Arvo Pärt is one of those composers who seem to mine the same seam repeatedly, always finding something new. Well, nearly always. There are moments when I listen to a piece and think that he’s written that before, but then you come across another of such transcendent beauty that you forgive him. Many of his choral pieces are deceptively simple, if you’ve ever tried to sing any then you’ll know how difficult they are to bring off. The sort of clarity and ease that the pieces need are tricky to achieve. All the more reason to commend the achievement of the Elora Festival Singers on their new disc. Naxos do seem to have a gift for digging out these fine groups and giving them a chance to show what they can do (see review).
 
The new disc of Nicholas Maw’s music is one of those recordings that seems to have been sitting on someone’s shelf; the recording was made in 2000. Still, that makes it all the more welcome. Maw was born the same year as Pärt but the two composers’ catalogues are pretty different. Maw has written a distinguished body of choral music, much for amateurs and it is good to have such an attractive selection on disc. I think Maw makes the listener work more than Pärt does, but that is no bad thing. Again, from personal experience, I can testify to how satisfying Maw’s music is to sing; last year I sang the solo quartet tenor part in Maw’s lovely ‘One Foot in Eden still I stand’ (see review).
 
Ronald Stevenson is another composer whose output on disc does not really reflect his real output as a composer.

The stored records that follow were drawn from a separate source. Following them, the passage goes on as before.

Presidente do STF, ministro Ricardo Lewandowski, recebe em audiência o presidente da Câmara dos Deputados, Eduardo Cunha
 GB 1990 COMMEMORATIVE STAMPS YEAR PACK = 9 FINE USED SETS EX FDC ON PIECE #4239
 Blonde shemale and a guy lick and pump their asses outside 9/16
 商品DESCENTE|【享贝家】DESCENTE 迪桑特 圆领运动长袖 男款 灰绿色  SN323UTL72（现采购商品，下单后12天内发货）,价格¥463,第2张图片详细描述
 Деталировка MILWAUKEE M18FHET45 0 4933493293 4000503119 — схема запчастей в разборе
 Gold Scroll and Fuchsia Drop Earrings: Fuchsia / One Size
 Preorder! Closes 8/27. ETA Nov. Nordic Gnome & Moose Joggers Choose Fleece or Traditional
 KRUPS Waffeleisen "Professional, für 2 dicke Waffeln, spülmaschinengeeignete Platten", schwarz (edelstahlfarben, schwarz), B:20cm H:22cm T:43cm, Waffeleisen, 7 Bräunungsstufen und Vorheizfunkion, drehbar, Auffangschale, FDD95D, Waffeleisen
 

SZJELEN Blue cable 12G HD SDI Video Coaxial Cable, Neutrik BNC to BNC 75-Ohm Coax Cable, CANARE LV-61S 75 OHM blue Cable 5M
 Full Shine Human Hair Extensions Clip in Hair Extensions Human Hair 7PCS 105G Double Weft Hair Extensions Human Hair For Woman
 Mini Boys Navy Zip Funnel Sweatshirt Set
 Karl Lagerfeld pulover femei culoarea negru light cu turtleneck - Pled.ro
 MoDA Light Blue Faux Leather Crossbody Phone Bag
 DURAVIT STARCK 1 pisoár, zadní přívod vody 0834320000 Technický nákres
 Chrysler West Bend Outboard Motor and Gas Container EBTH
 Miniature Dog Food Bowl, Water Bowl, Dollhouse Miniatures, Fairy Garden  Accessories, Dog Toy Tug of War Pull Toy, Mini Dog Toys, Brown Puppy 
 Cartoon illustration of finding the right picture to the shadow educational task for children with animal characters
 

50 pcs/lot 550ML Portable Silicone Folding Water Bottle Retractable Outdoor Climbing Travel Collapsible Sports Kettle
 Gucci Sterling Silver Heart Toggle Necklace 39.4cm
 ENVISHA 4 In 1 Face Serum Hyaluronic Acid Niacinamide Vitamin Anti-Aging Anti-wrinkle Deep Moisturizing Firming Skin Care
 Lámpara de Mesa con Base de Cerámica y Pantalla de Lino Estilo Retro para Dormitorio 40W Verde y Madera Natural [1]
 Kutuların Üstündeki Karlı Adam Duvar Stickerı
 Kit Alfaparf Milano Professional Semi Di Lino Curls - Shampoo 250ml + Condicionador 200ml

Stevenson is a prolific composer and has written much fine piano music, a lot of it for himself to play. Now Dunelm have issued a recital by long-time Stevenson supporter and friend, Sheena Nicoll. Part of me wanted to hear some of Stevenson’s bigger more bravura pieces, but Nicoll’s recital is beautifully put together and should win the composer new friends. Stevenson was himself a fine recitalist; evidently the BBC have many fine performances of his locked in the archives. For anyone interested in hearing the composer himself, a new disc consists of a 1976 recital that Stevenson gave for Canadian Radio, full of transcriptions including the composer’s own Peter Grimes Fantasia and the Bach/Busoni Chaconne. I heard Stevenson give similar recitals in Scotland in the late 1970s and can testify that his playing was magnetic. The only thing missing from the disc is the sound of his voice; Stevenson played a mean lecture recital (see the review by my colleague, Jonathan Woolf).
 
Finally back to period performance debates; this time the great Bach choral music question; how many singers to a part do we use? I doubt that consensus will ever be achieved, but there is no reason why it should. After all Bach’s music is great enough to cope with a variety of performance styles and practices. But a couple of issues repeatedly come up when I listen to this music. The first is that many conductors seem to have a blind spot when it comes to balancing this music; too often the balance is wrong. And this leads into the second point: no matter what forces you are using, or you think Bach used, you must remember that his background was the Lutheran organ loft where single voices to a part was the norm. This raises all sorts of issues when it comes to balance and structure. Frieder Bernius’s new recording does not solve all the issues, but he seems at least to have thought about them and the result is highly recommendable.